What to do: From the data below, copy exactly the lines that lie between the one holding "Opel Astra K Nopeusmittari (mittaristo)" and the one holding "Exterior - 7475", including both, and nothing more.
Start of Given records
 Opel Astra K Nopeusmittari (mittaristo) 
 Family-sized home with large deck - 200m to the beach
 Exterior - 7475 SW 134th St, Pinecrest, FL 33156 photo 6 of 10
End of Given records
Start of Given records
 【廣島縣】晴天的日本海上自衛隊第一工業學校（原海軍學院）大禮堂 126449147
End of Given records
Start of Given records
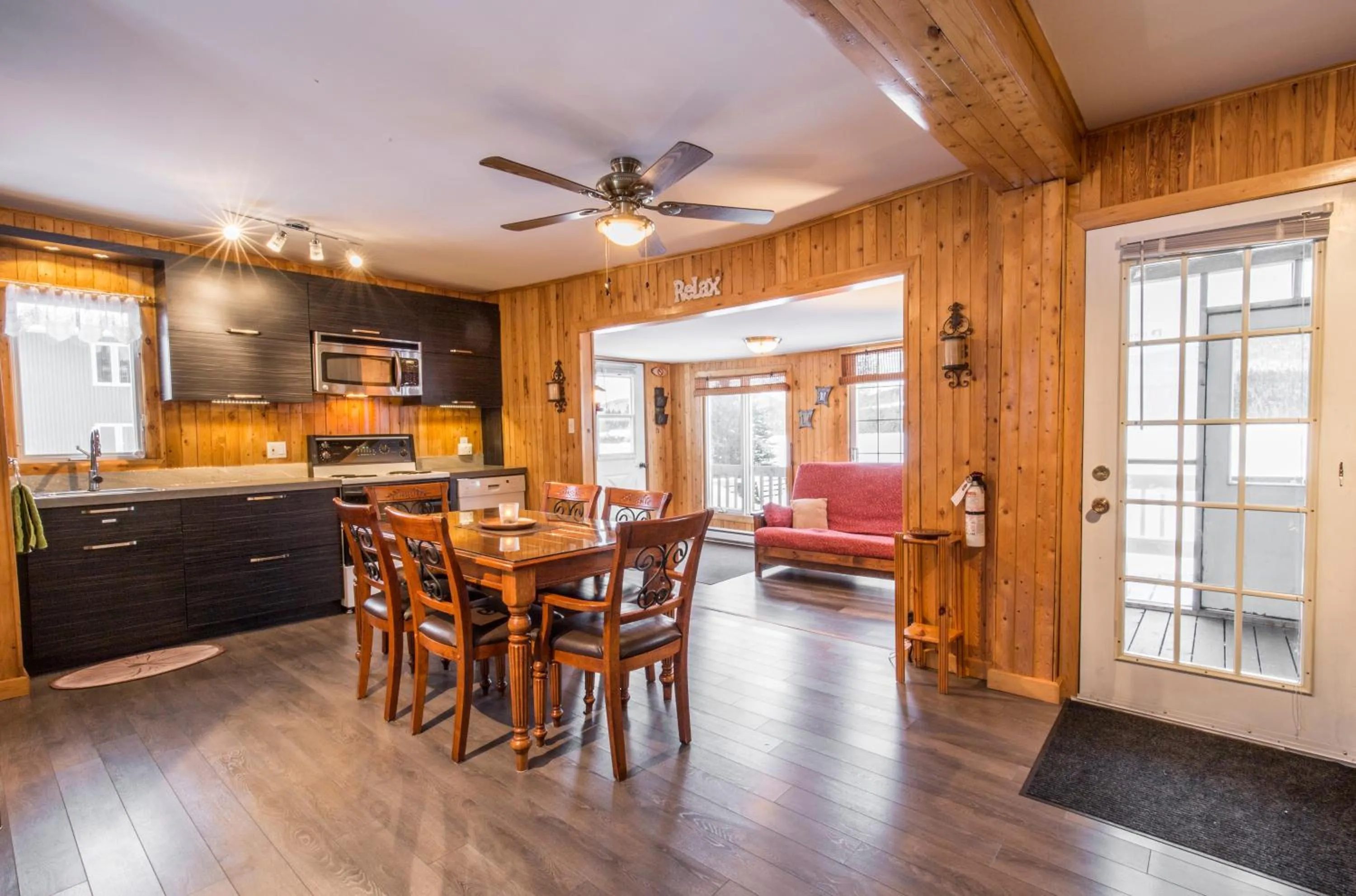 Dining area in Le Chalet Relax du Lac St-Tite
End of Given records
Result of the task:
 Opel Astra K Nopeusmittari (mittaristo) 
 Family-sized home with large deck - 200m to the beach
 Exterior - 7475 SW 134th St, Pinecrest, FL 33156 photo 6 of 10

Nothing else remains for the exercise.